Musings on Vanity Wineries

There aren’t a lot of pejorative terms in the world of wine, but I’ve heard the term “Vanity Winery” more than once used with derision. I was talking with someone just the other day about a winery that I happen to be a fan of in Napa and they asked me with some incredulity, “but isn’t that just a vanity winery?” In this case, it most certainly wasn’t, but I got to thinking about just what this person was getting at.

The term vanity vinery as I understand it, refers to a winery started and owned by someone wealthy, whose presumed or admitted purpose for starting the winery is just “to have one.” Call it bragging rights, call it ostentation, call it egomania — the general stereotype at work consists of the rich dude (yes, usually a man) plowing a ton of money into a winery more for his own sake than for anything the effort might produce.

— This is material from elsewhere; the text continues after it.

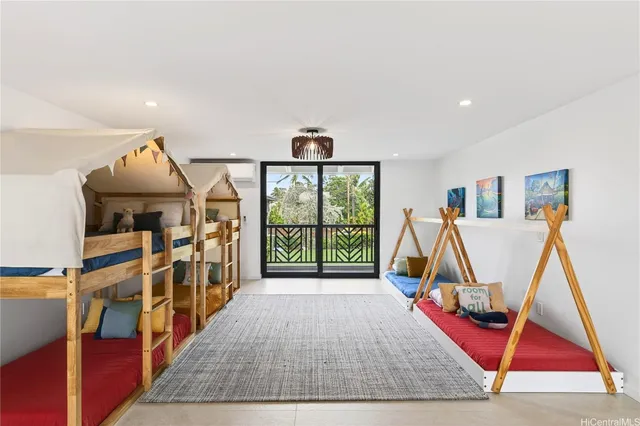 a view of an empty room with wooden floor and windows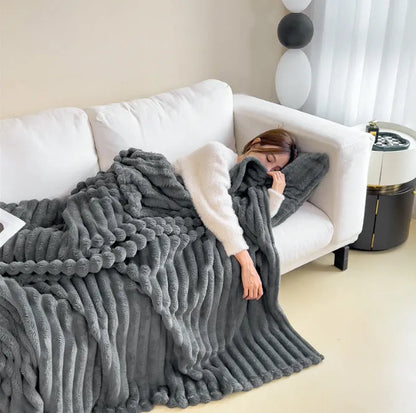 Double-sided bubble velvet faux rabbit fur blanket in a solid colour, shown folded.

Without a doubt there exist many projects that might be tarred with such a label. Pick any winery that bears a celebrity’s name, just for starters. But in my experience, most wineries that might be dismissed as projects purely of the ego don’t actually deserve such a label.

Most of the time, when people start a winery, they do so because they are passionate about wine at some level. The fact that someone may pour millions after that passion can’t really be held against them.

What can be held against them might be the fact that they make lousy wine, especially if they have the kind of money to spend that allows them to erect a few acres of vineyard in a prime growing area, a sparkly new winery, and a cave in the hillside with a lot of expensive barrels. However, expenditures at this level also come with a prominent consulting winemaker, so it’s pretty rare that the wine is truly lousy. Although I have tasted wine from a winery that fits this sort of description, where the owner decided to put their vineyards wherever they wanted, rather than where good wine grapes could actually grow, and even the hired gun winemaker couldn’t manipulate them to the point of decency.

The biggest criticism of such wineries that can be made might be that they often make wines to the owner’s taste, and those tastes, especially in California, lean towards the extracted, oak-laden side of the spectrum. But really, when you think about it, that’s just as true of any winery, no matter what it’s origins.

So consider this a suggestion that we drop the use vanity winery, and instead concentrate on the wines themselves. I’ve had excellent bottles of wine bearing the name of an actor, a golfing pro, a rock star, a billionaire CEO, and even a porn star. Let us not be too quick to judge a wine by its owner.